Uma nova fase, sem dúvida, dos processos constituintes latino-americanos, caracterizada em particular por elementos formais das constituições, a conformam os dois processos que tiveram lugar como continuação daqueles: o equatoriano de 2007-2088, cujo texto se caracteriza principalmente pela inovação no catálogo de direitos e a definição do Estado como Estado constitucional; e o boliviano de 2006-2009, o mais complicado, e cujo resultado – a Constituição boliviana de 2009 é seguramente um dos exemplos mais emblemáticos de transformação institucional que se experimentou nos últimos tempos, porquanto avança em direção ao Estado plurinacional, a simbiose entre os valores pós-coloniais e os indígenas e cria o primeiro Tribunal Constitucional eleito diretamente pelos cidadãos do país.

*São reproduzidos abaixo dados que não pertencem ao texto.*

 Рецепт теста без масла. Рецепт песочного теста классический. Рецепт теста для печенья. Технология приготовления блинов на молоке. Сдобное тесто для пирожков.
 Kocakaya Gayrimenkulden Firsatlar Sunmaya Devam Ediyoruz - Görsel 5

Os processos constitucionais mencionados encontram em comum: assumem a necessidade de legitimar a vontade social de transformação mediante um irretocável processo de processo constituinte de viés democrático e, ainda que os resultados sejam em boa medida desiguais, conseguem aprovar constituiçõesque apontam, em definitivo, em direção ao Estado constitucional. Teoria e prática se unem, portanto, no novo constitucionalismolatino-americano.
Características formais: os traços do novo constitucionalismo
Não somente o elemento legitimidade oferecido pelos procedimentos democráticos que se edificaram os textos latino-americanos que traduzem o aparecimento do novo constitucionalismo. 

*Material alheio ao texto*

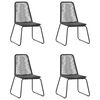 Product Thumbnail Image 4 of 8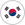 Korean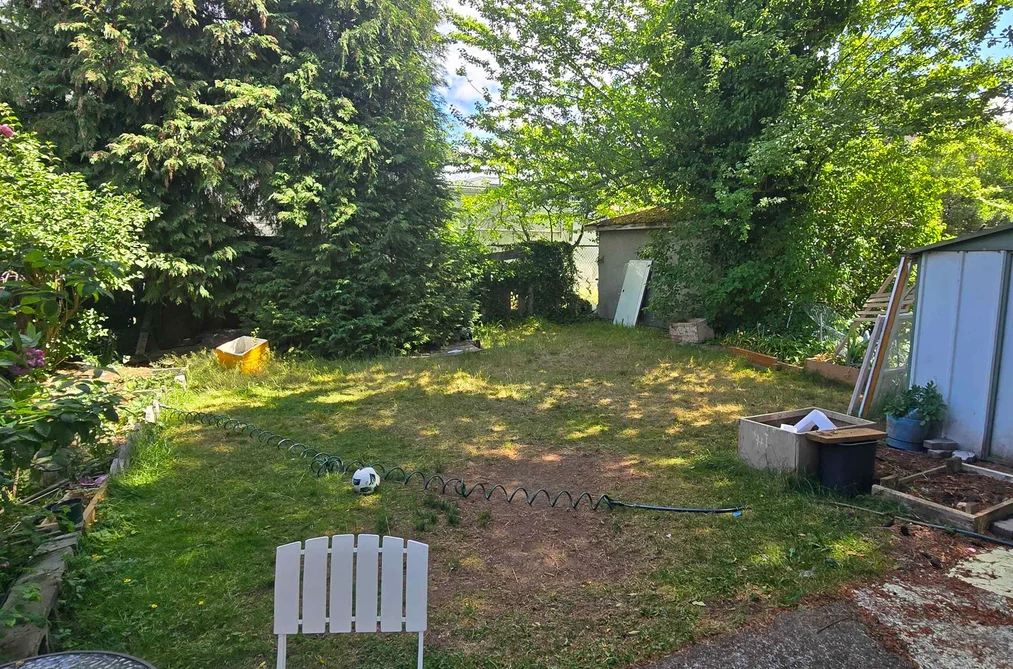 3253 SCHOOL AVENUE, Vancouver BC V5R 5N4, Vancouver BC — Residential for Sale — Photo 13 of 13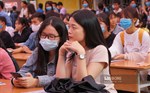 w88 nohu dan situs sekolah mencerminkan janji pendidikan mereka utuh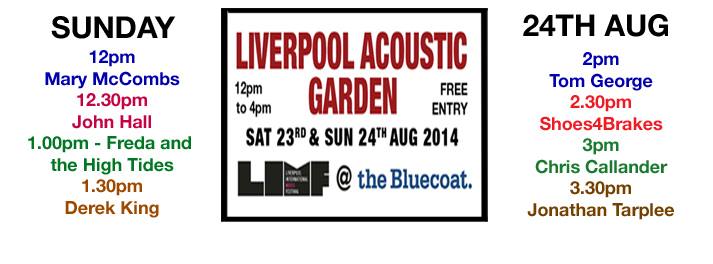 liverpool_acoustic_garden_2014_sunday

Como não podia ser de outra maneira, a recuperação da teoria clássica dos processos constituintes e da verdadeira natureza originária e criadora do poder constituinte tem incidido na forma e estrutura das novas constituições latino-americanas que, sem romper com o conceito racional-normativo de Constituição – texto escrito, ordenado e articulado -, se adentram em algumas especificidades que, em boa medida, recuperam várias das preocupações – inclusive algumas soluções – do constitucionalismo liberal-revolucionário; em particular, o fortalecimento de sua dimensão política. 

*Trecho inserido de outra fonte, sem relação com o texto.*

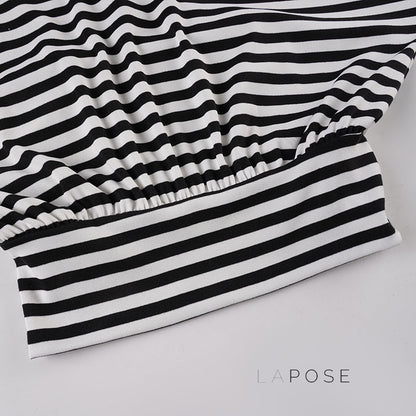 Polished Garment with an Effortless Classic Look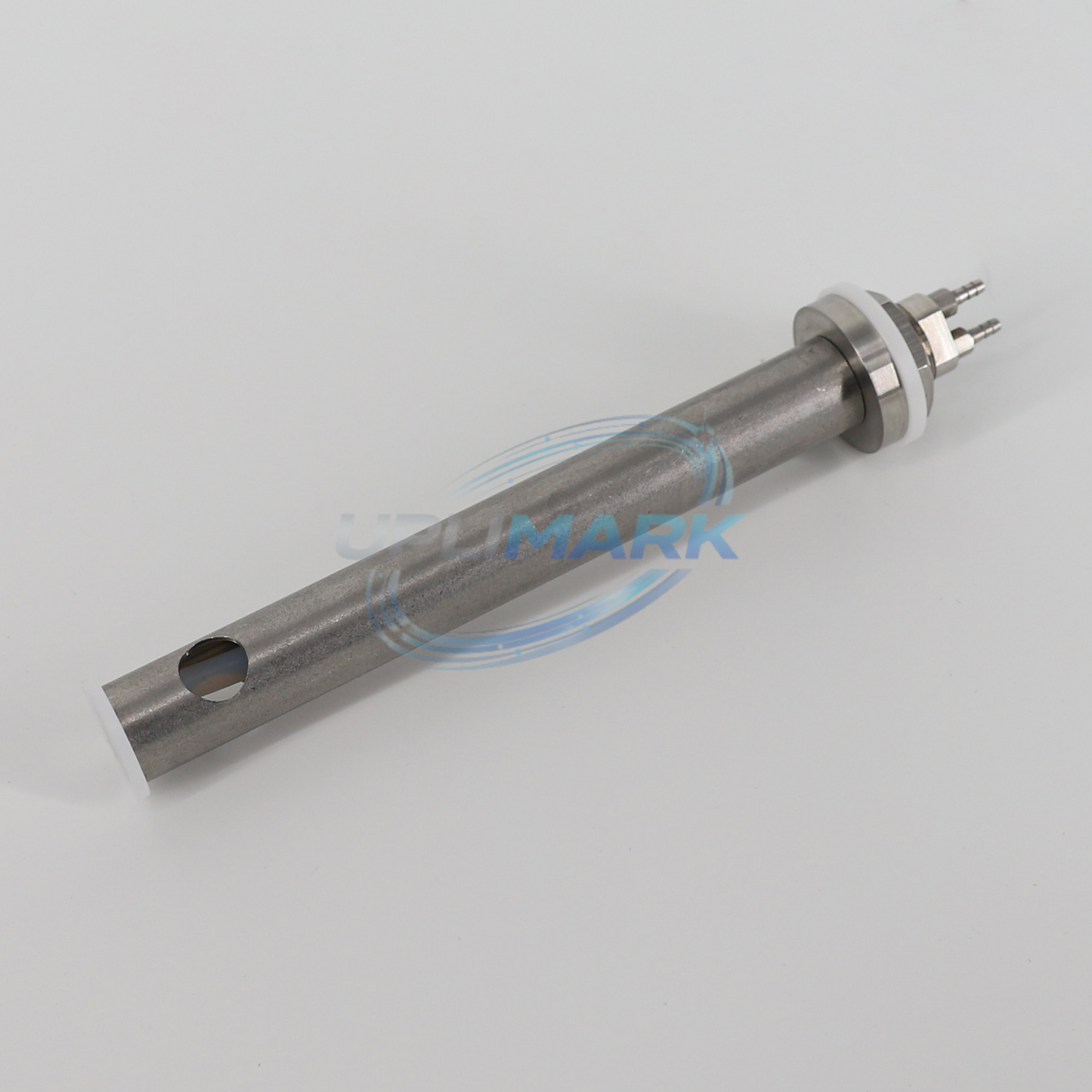Compatible with Markem-Imaje - VISCOSIMETRO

Isso é assim porque o elemento de necessidade serviu como um gatilho, em todos os casos, um esforço suplementar para procurar elementos úteis para a mudança proposta como um objetivo do processo constituinte. 
Utilidade compreendida em dois sentidos: de um lado, como exercício intelectual para incorporar no texto constitucional novos conceitos e instituições que possam contribuir com sua aplicação no cumprimento da Constituição e, em última análise, na melhoria da qualidade e das condições de vida dos cidadãos. A esse respeito, é possível identificar inovações tanto na forma positiva, com a incorporação de traços próprios, incompreensíveis sob o prisma do Estado Social¸quanto na forma negativa, negando-se abordagens tradicionais e com o desaparecimento de instituições próprias da história constitucional de cada país [por exemplo, o caso único de um federalismo unicameral na Venezuela]. 
Por outro lado, a utilidade das novas constituições se manifesta também em sua dimensão simbólica, intrinsecamente não menos adequada que a dimensão fática. As redações dos textos constitucionais estão permeadas de referências à linguagem simbólica, relacionada com o fortalecimento da dimensão política da Constituição – e, neste sentido, com a sua leitura particularizada que realizam os cidadãos – mais do que com previsões de efeitos jurídicos [por exemplo, a alteração da denominação “República de Venezuela” por “República Bolivariana de Venezuela”, em 1999; ou “República de Bolívia” por “Estado Plurinacional de Bolívia]. 
Quatro características formais:
seu conteúdo inovador (originalidade);
a extensão do texto;
a capacidade de conjugar elementos tecnicamente complexos com uma linguagem exequível (complexidade);
acionamento do poder constituinte do povo ante qualquer câmbio constitucional (rigidez).